What you have to do -
Report each line below that carries the word "with".

======== Material to process ========

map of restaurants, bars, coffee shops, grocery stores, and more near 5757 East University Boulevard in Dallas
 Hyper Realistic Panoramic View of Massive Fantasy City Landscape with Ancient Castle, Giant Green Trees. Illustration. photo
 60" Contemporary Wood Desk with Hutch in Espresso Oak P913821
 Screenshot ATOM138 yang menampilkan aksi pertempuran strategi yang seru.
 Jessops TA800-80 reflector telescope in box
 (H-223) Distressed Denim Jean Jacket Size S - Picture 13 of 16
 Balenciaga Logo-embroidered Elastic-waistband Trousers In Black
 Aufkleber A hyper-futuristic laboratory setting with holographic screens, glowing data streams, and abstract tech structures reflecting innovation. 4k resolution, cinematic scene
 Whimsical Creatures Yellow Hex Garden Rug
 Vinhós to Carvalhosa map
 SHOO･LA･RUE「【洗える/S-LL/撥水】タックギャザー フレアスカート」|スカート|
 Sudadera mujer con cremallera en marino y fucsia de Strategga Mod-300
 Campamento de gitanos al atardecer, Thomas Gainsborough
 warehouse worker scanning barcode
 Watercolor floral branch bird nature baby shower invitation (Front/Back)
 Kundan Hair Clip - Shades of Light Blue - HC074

========

Response for this exercise -
 Hyper Realistic Panoramic View of Massive Fantasy City Landscape with Ancient Castle, Giant Green Trees. Illustration. photo
 60" Contemporary Wood Desk with Hutch in Espresso Oak P913821
 Aufkleber A hyper-futuristic laboratory setting with holographic screens, glowing data streams, and abstract tech structures reflecting innovation. 4k resolution, cinematic scene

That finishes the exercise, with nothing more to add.